I ordered tyvek aprons off the internet (I tried the builders tyvek, but it has coloring on it and it won't cover up with paint). I went to a buddy's house and drew a template off a giant goose shell decoy and cut the aprons out using that template. Then, I shocked my wife when I asked if I could use her sewing machine and put two cutouts together. I used some political signs for the stake and also to add something on the inside of the rag to help keep it open. I set 5 swan rags on the downwind side of my spread and the one that I killed would have landed within 15 yards of my layout boat had I not shot it. About 15 minutes after shooting mine, a flock of 20 swans landed next to the rags and swam/walked around for a couple of minutes before heading out. My rags aren't pretty, but they take up almost no room and are super light. As you can tell from the picture of the rag set in the mud, my sewing skills suck!

I hope this helps!


----------



## TimJ (May 17, 2012)

Thanks Jeff! I appreciate it. I'm going to try to get out this weekend.


----------



## CPAjeff (Dec 20, 2014)

TimJ said:


> Thanks Jeff! I appreciate it. I'm going to try to get out this weekend.

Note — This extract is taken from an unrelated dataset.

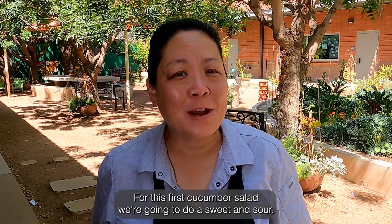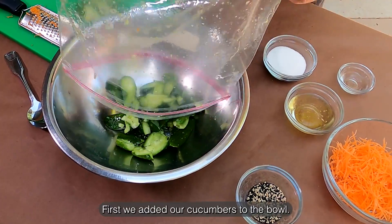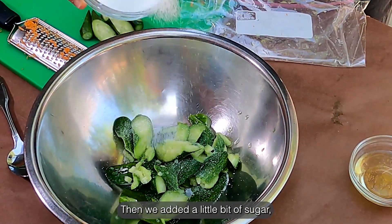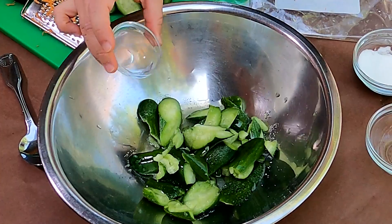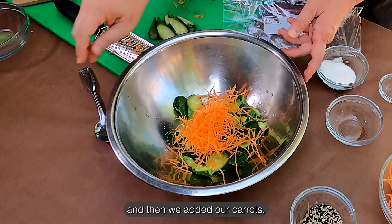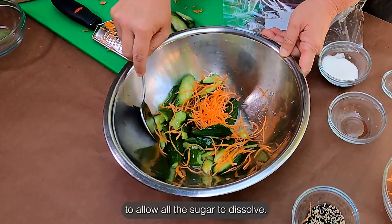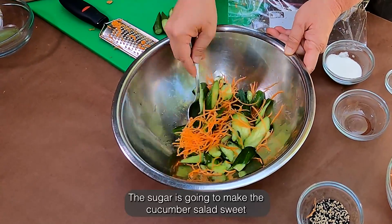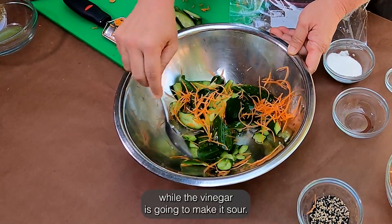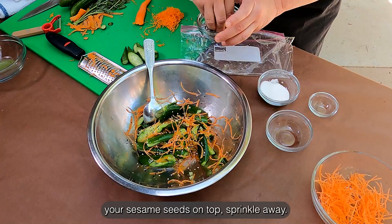For this first cucumber salad, we're going to do a sweet and sour. First, we added our cucumbers to the bowl. Then we added a little bit of sugar, a little bit of rice vinegar, a little bit of water, and then we added our carrots. We mix them together very well with a spoon to allow all the sugar to dissolve. The sugar is going to make the cucumber salad sweet while the vinegar is going to make it sour. Once all the sugar is dissolved, you can add your sesame seeds on top. Sprinkle away.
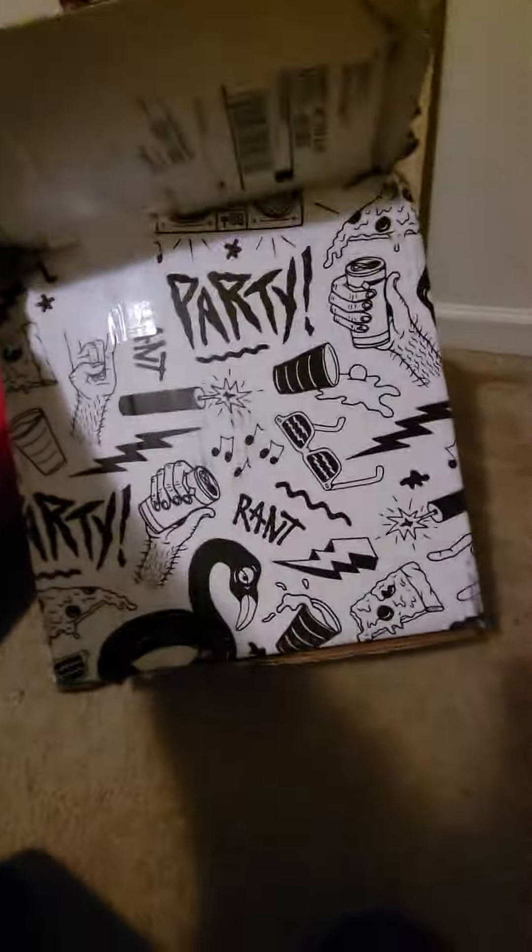Hey, this is Davion, looking to show you something. Alright, so this is the Ramp Partyon V2 wheel.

Anytime! Good luck, and post your success!


----------



## goosefreak (Aug 20, 2009)

sweet! I need to find me a place to shoot my swan!

for what its worth: As for the 3" shells comments, well I don't even shoot 3.5" at turkeys let alone ducks and geese. 3" is all you need

I'v said it before, I think 3.5" shells are a gimmick


----------



## CPAjeff (Dec 20, 2014)

goosefreak said:


> for what its worth: As for the 3" shells comments, well I don't even shoot 3.5" at turkeys let alone ducks and geese. 3" is all you need
> 
> I'v said it before, I think 3.5" shells are a gimmick


I don't even own a gun that'll shoot those shells. Some people swear by them, and to each their own! I know a guy that shoots a 20 gauge exclusively and I am thinking about picking one up and giving it a try.


----------



## Fowlmouth (Oct 4, 2008)

CPAjeff said:


> I don't even own a gun that'll shoot those shells. Some people swear by them, and to each their own! I know a guy that shoots a 20 gauge exclusively and I am thinking about picking one up and giving it a try.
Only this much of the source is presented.